Records supplied Start Marker

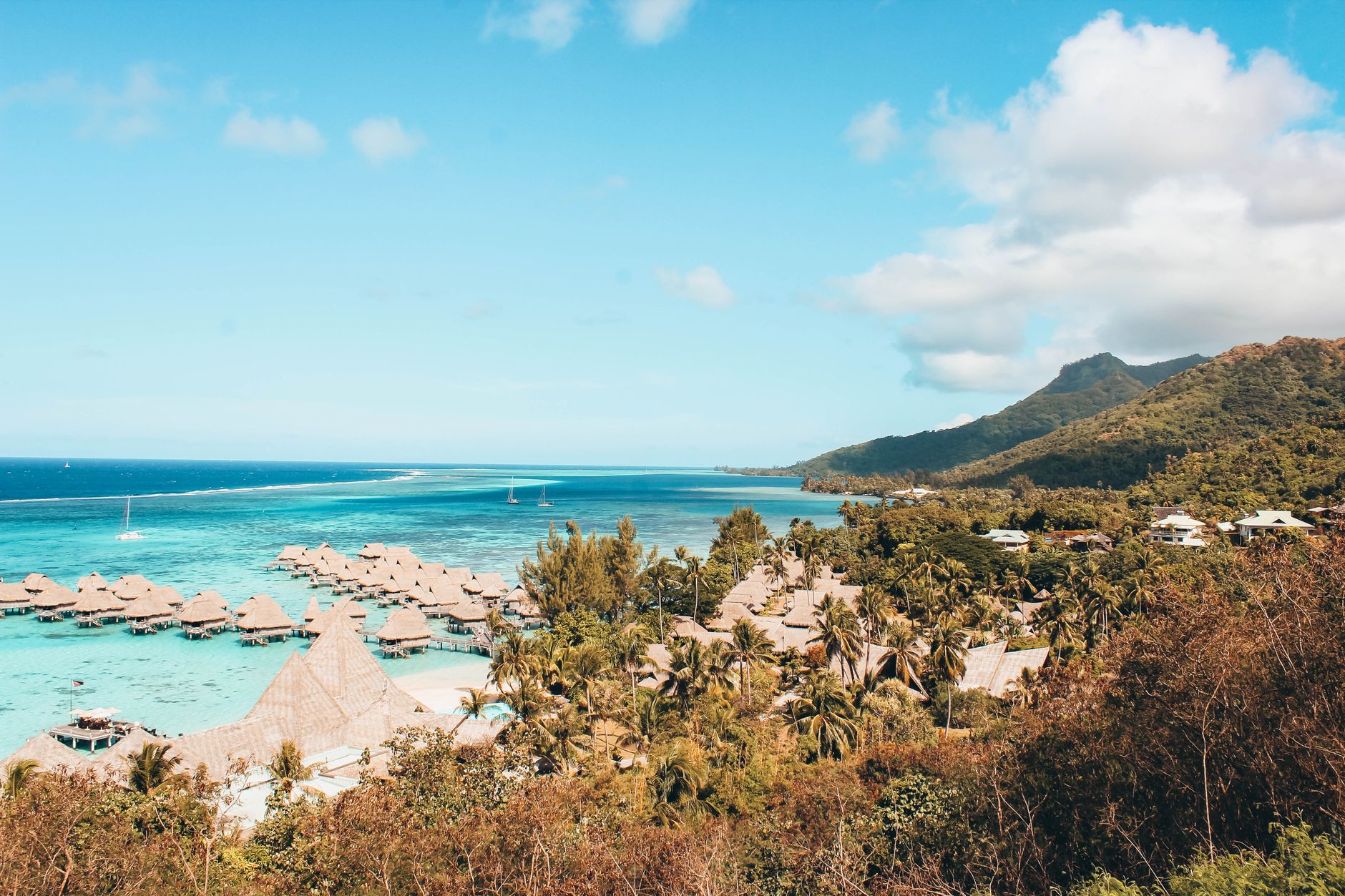 بولينيزيا الفرنسية — Tahiti → Bora Bora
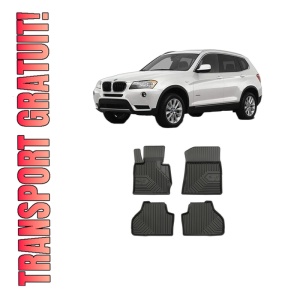 Set covorase presuri BMW Seria X3 (F25) din 2010-2017, auto, din cauciuc thermoplastic, BMW Seria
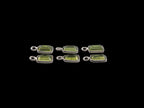 Peridot Silver Bezel, Single Connector, 7x5 mm, Peridot Charm (GTG-SBP-13)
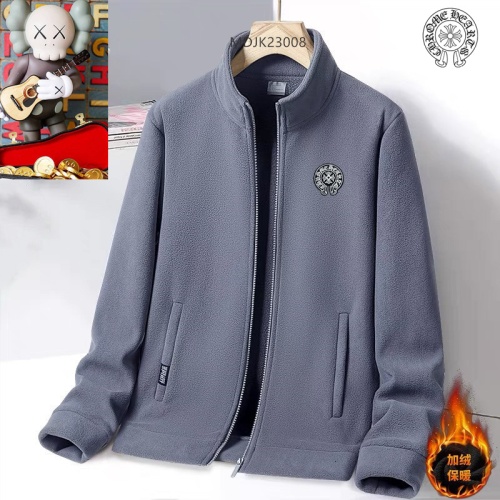 Wholesale Chrome Hearts Jackets Long Sleeved For Men #1263471 $64.00 USD, Wholesale Quality Replica Chrome Hearts Jackets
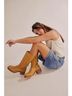 FRYE 100% Leather Yellow Tan Boots Size 6 1/2 - photo 5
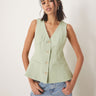 Gilet a peplo ASOS DESIGN in pistacchio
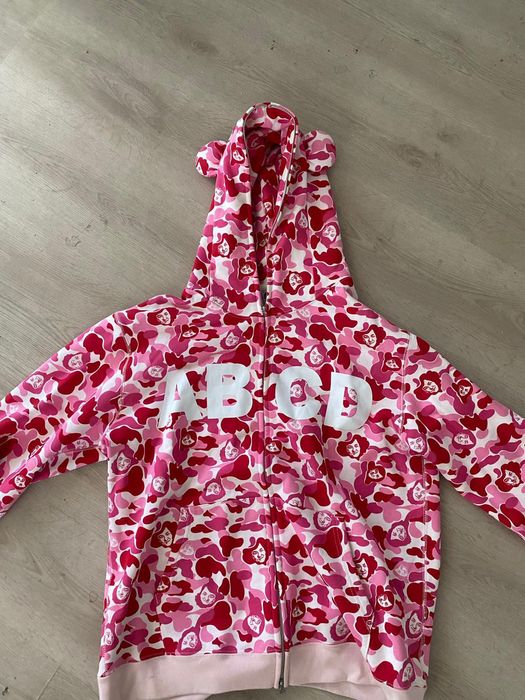 Japanese Brand jose wong ABCD zip-up/pink | Grailed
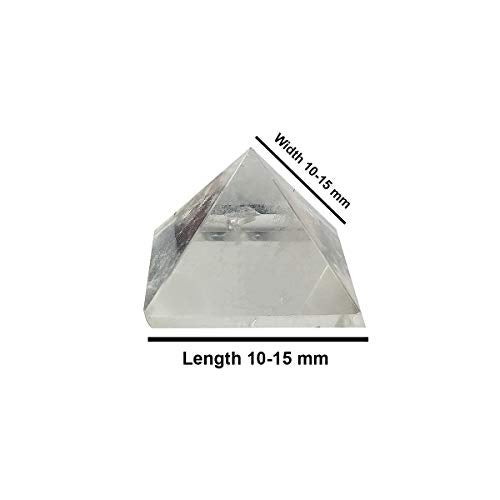 Crystu Natural Clear Quartz Pyramid for Reiki Healing and Crystal Healing Stone Pyramid Size 10-15 mm (Color : Clear) Pack of 1 pc - Image 4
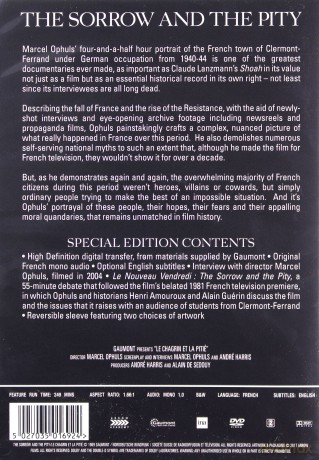 The Sorrow And The Pity [2DVD]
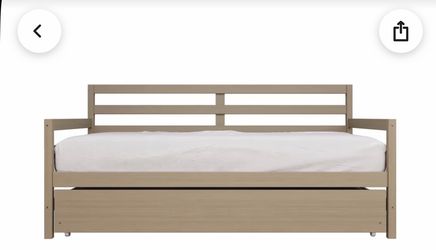 Gray day bed with trundle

Records supplied End Marker

Problem requirements -
With the pictures removed, copy the data above word for word.

Solved problem -
 بولينيزيا الفرنسية — Tahiti → Bora Bora
 Set covorase presuri BMW Seria X3 (F25) din 2010-2017, auto, din cauciuc thermoplastic, BMW Seria
 Peridot Silver Bezel, Single Connector, 7x5 mm, Peridot Charm (GTG-SBP-13)
 Wholesale Chrome Hearts Jackets Long Sleeved For Men #1263471 $64.00 USD, Wholesale Quality Replica Chrome Hearts Jackets
 FRYE 100% Leather Yellow Tan Boots Size 6 1/2 - photo 5
 Gilet a peplo ASOS DESIGN in pistacchio
 Japanese Brand jose wong ABCD zip-up/pink | Grailed
 Crystu Natural Clear Quartz Pyramid for Reiki Healing and Crystal Healing Stone Pyramid Size 10-15 mm (Color : Clear) Pack of 1 pc - Image 4
 The Sorrow And The Pity [2DVD]
 Gray day bed with trundle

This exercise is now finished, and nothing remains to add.